| Given data |
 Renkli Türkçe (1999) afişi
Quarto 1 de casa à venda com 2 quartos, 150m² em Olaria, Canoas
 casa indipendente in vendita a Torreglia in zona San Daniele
* * *
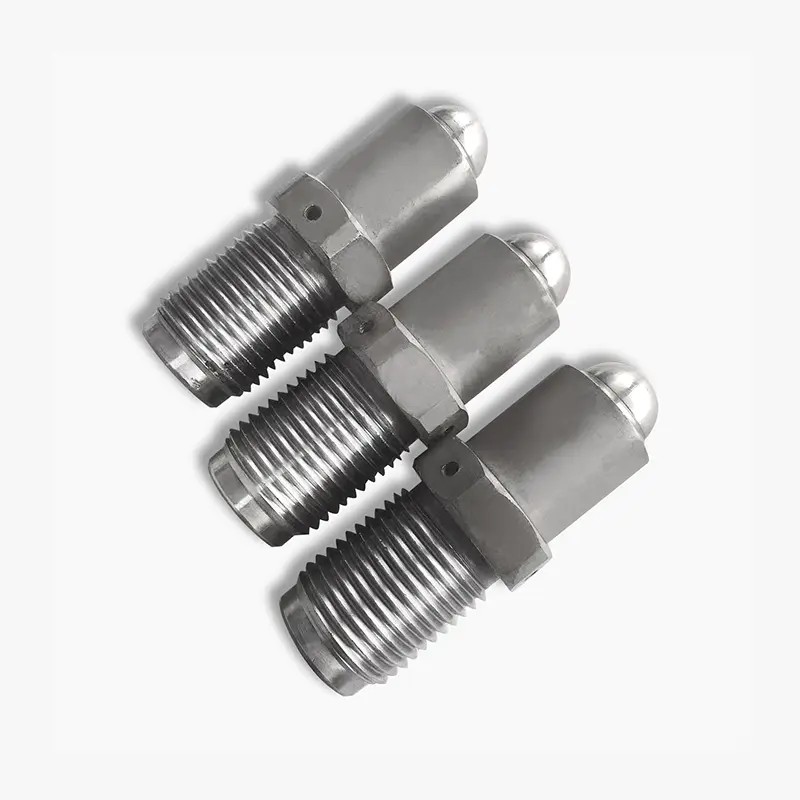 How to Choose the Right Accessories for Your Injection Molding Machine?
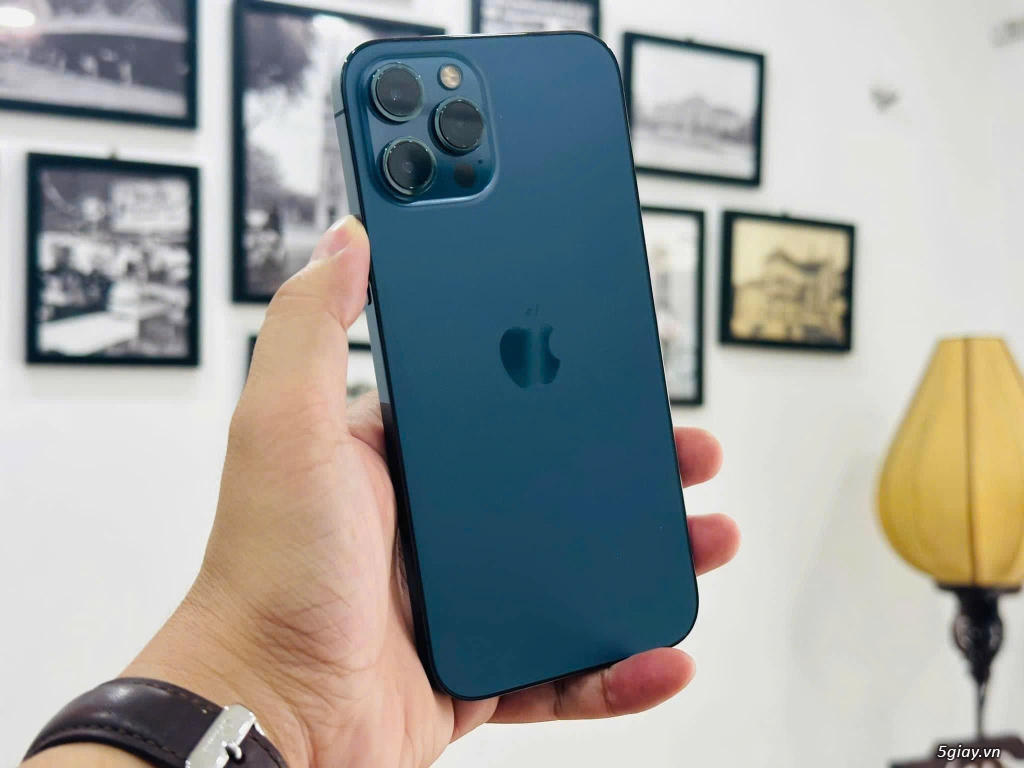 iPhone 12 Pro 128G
...
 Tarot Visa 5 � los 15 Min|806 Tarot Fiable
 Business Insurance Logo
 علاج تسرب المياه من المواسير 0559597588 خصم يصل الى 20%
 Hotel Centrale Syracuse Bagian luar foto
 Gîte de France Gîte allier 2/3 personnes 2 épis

| Work order |
Please tally how many lines in the listing above contain the word "casa", and answer with the figure alone.

| Response for this exercise |
2